Verheek listened with his eyes closed. "What happened to them?"
"Not sure. I think they got scared when the real cops swarmed on the scene. They vanished. I was in their car, Gavin. They had me."
"You have to come in, Darby. Listen to me."
"Do you remember our phone chat Thursday morning when I suddenly saw a face that looked familiar and I described it to you?"
"That face was at the memorial service yesterday, along with some friends."
"Where were you?"
"Watching. He walked in a few minutes late, stayed ten minutes, then sneaked out and met with Stump."
"Yes, he's one of the gang. Stump, Rupert, Cowboy, and the Thin Man. Great characters. I'm sure there are others, but I haven't met them yet."
"The next meeting will be the last, Darby. You have about forty-eight hours to live."
"We'll see. How long will you be in town?"
"A few days. I'd planned to stay until I found you."
"Here I am. I may call you tomorrow."
Verheek breathed deeply. "Okay, Darby. Whatever you say. Just be careful."
She hung up. He threw the phone across the room, and cursed it.

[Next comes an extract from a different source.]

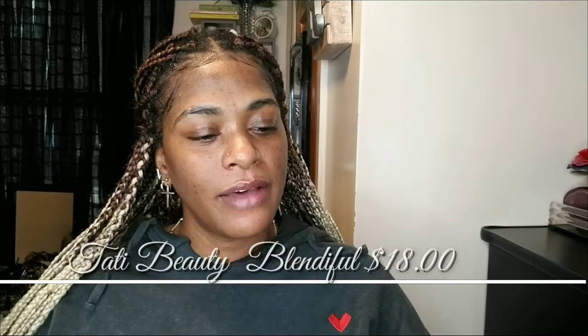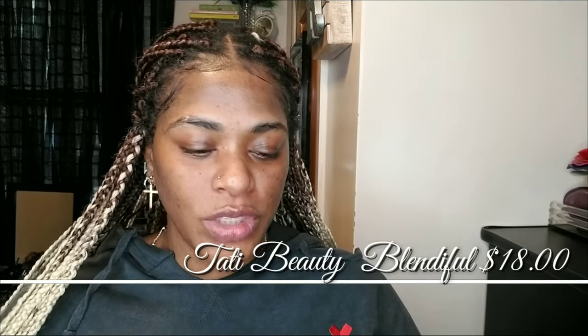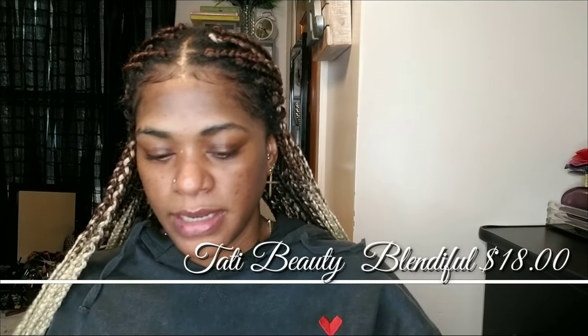Hey guys, I'm Rachel, welcome back to my channel. Thank you so much for watching - please subscribe and hit the bell so you get notified every time I upload. Give this video a thumbs up and share it with someone you think might like it. Today I am doing a full face of makeup using the new Tati Beauty Blendiful.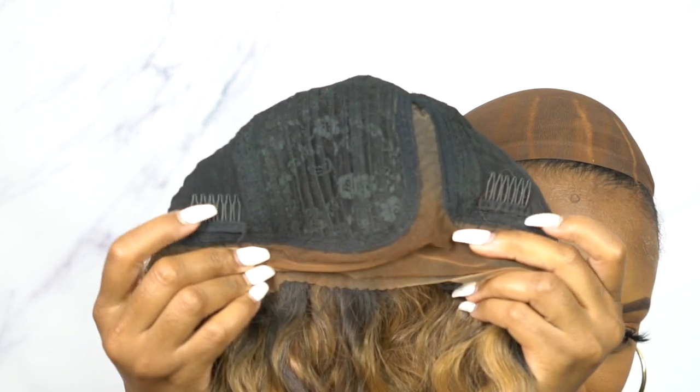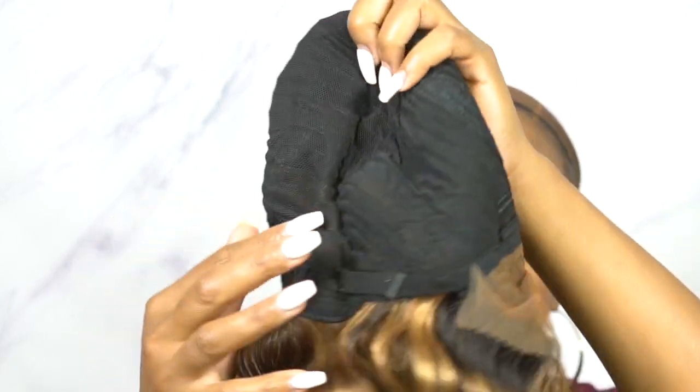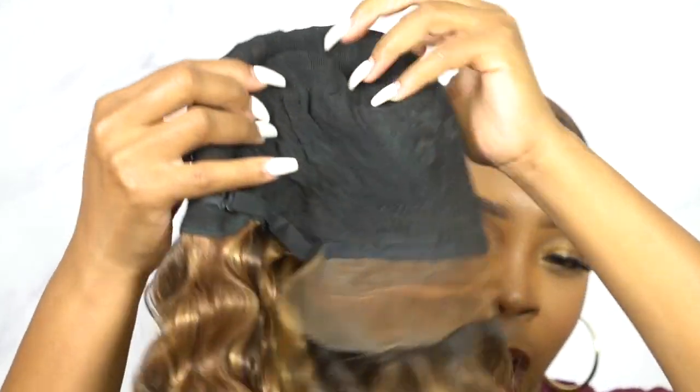Let me know how you feel about this in the comment section down below. This comes with a right side part, the parting space is clean straight out of the box, and there's baby hairs also so you can utilize that if you want to. It comes with two combs up front, one at the back, adjustable straps, and this is a stretchable mesh knit material cap — big head friendly, very comfortable for the most part, and it's a light yaki hair texture.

Two blocks away and fifteen floors up, Khamel stared at the television and mumbled rapidly to himself. It was a movie about people in a big city. They spoke English, his third language, and he repeated every word in his best generic American tongue. He did this for hours. He had absorbed the language while hiding in Belfast, and in the past twenty years had watched thousands of American movies. His favorite was Three Days of the Condor. He watched it four times before he figured out who was killing whom and why. He could have killed Redford.
He repeated every word out loud. He had been told his English could pass for that of an American, but one slip, one tiny mistake, and she would be gone.
The Volvo was parked in a lot a block and a half from its owner, who paid one hundred dollars a month for the space and for what he thought was security. They eased through the gate that was supposed to be locked.
It was a 1986 GL without a security system, and within seconds the driver's door was open. One sat on the trunk and lit a cigarette. It was almost 4 A.M. Sunday.
The other one opened a small tool case he kept in his pocket, and went to work on the yuppie car phone that Grantham had been embarrassed to buy. The dome light was enough, and he worked quickly. Easy work. With the receiver open, he installed a tiny transmitter and glued it in place. A minute later, he eased out of the car and squatted at the rear bumper. The one with the cigarette handed him a small black cube, which he stuck under the car to a grille and behind the gas tank. It was a magnetized transmitter, and it would send signals for six days before it died and needed replacing.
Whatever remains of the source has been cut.